§ Required action
Drop every picture, then transcribe the remaining data exactly.

(Scraped caption text data)

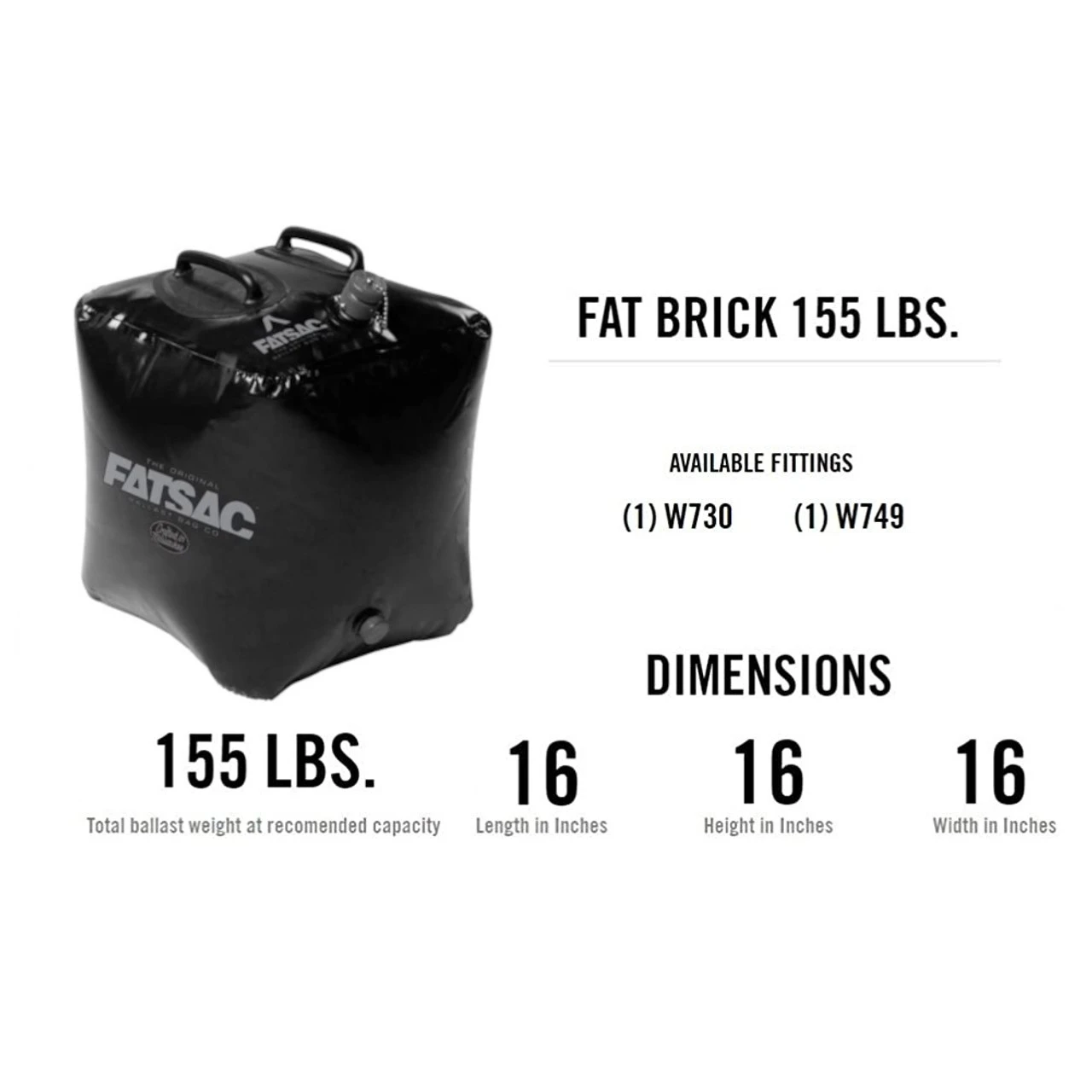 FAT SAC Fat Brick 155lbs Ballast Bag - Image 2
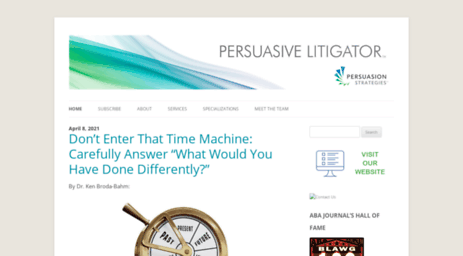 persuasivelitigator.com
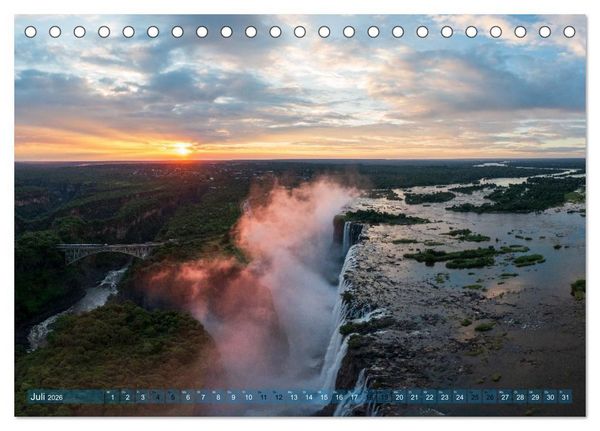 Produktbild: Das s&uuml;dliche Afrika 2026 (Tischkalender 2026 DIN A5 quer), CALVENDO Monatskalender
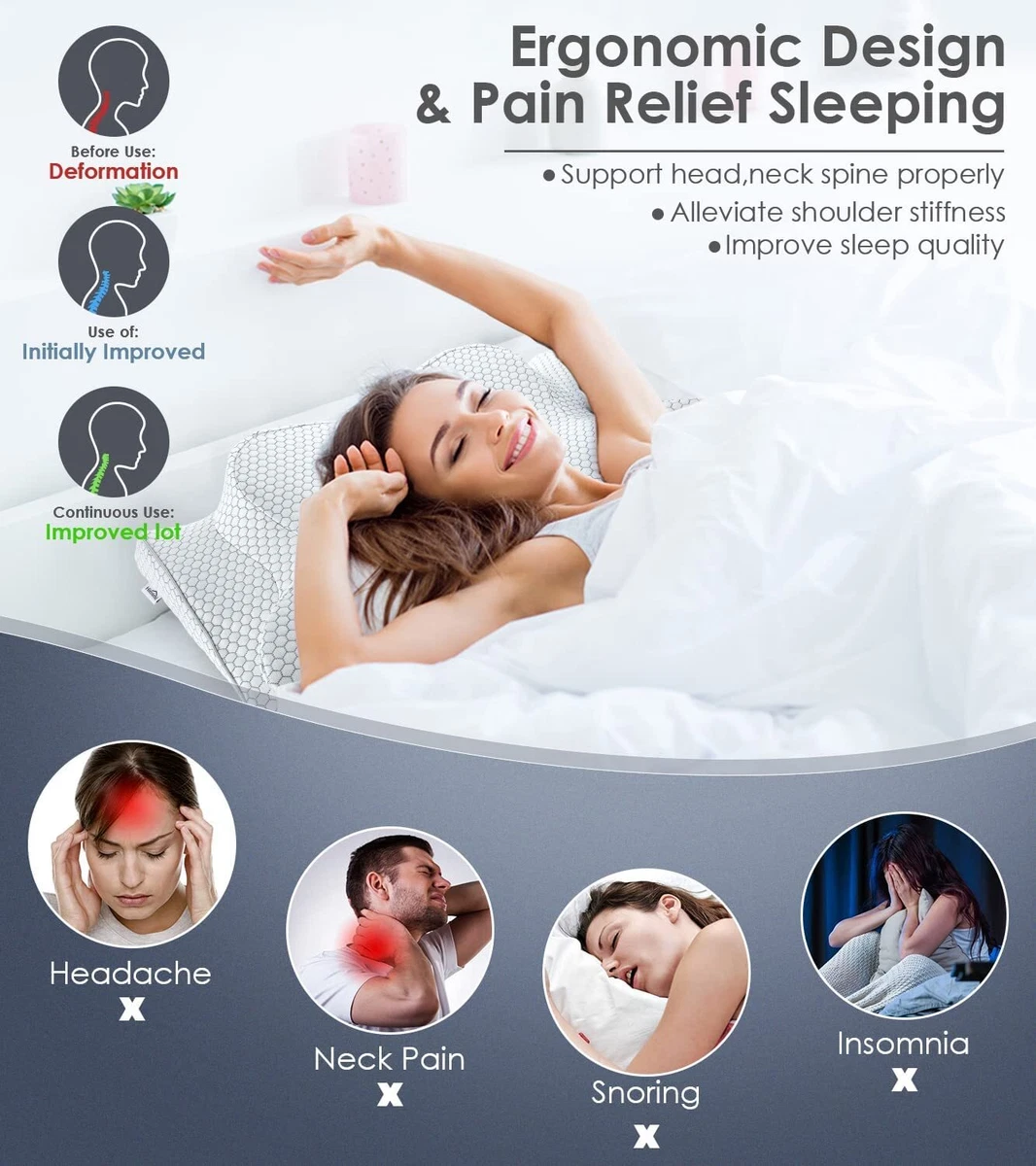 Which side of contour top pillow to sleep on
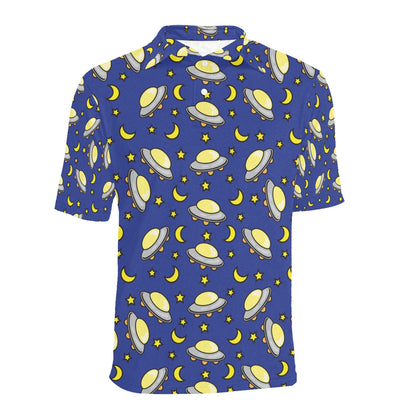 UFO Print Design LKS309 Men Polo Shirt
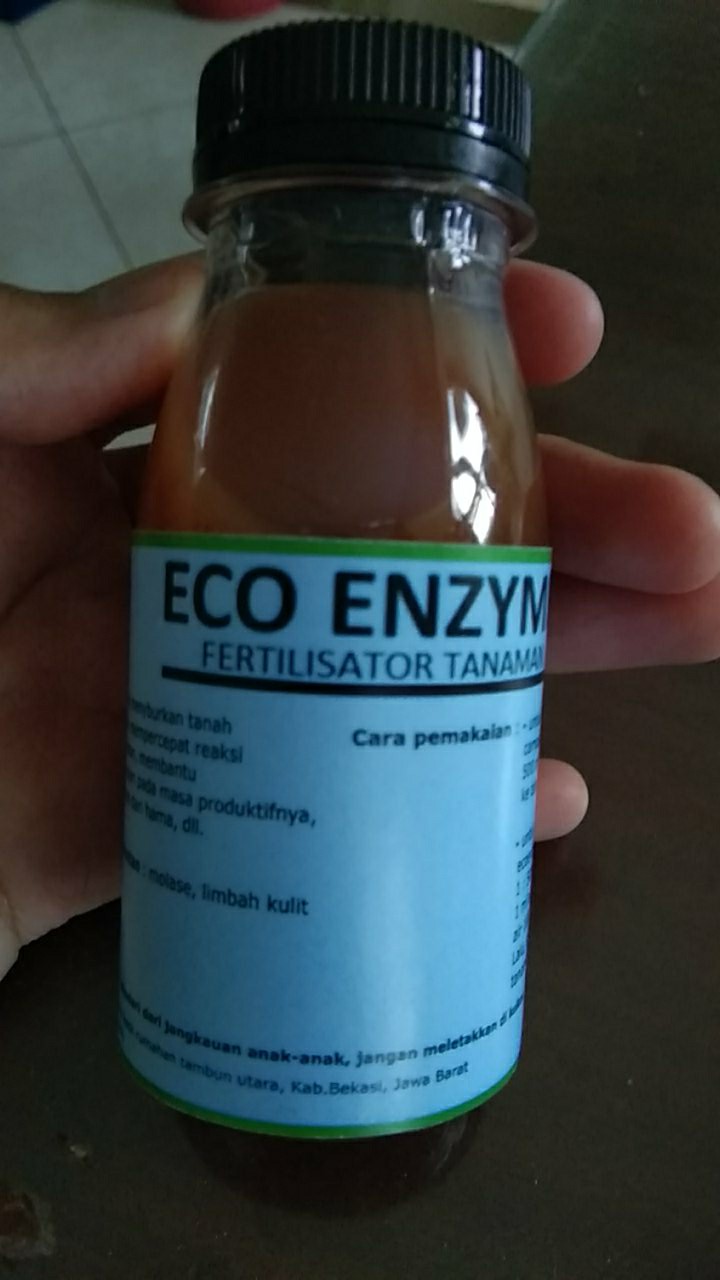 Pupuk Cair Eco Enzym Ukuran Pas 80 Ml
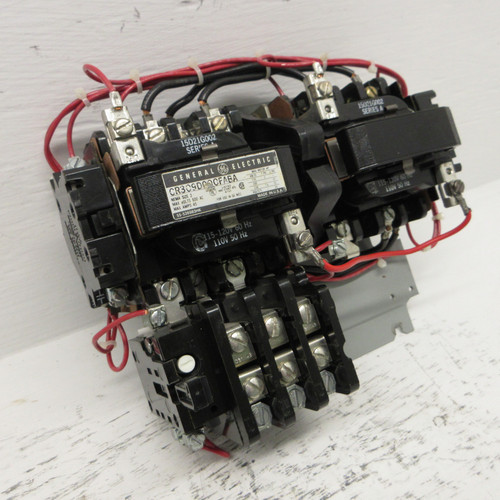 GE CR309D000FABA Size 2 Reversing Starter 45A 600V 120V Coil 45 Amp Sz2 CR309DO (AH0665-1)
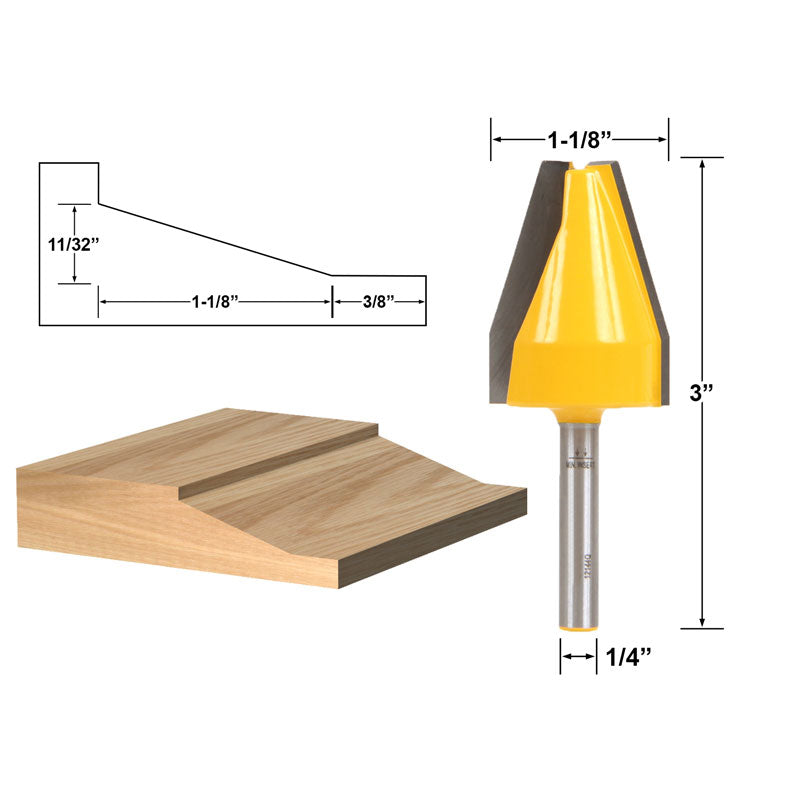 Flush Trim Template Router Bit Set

§ Your response
 FAT SAC Fat Brick 155lbs Ballast Bag - Image 2
 persuasivelitigator.com
 Produktbild: Das s&uuml;dliche Afrika 2026 (Tischkalender 2026 DIN A5 quer), CALVENDO Monatskalender
 Which side of contour top pillow to sleep on
 UFO Print Design LKS309 Men Polo Shirt
 Pupuk Cair Eco Enzym Ukuran Pas 80 Ml
 GE CR309D000FABA Size 2 Reversing Starter 45A 600V 120V Coil 45 Amp Sz2 CR309DO (AH0665-1)
 Flush Trim Template Router Bit Set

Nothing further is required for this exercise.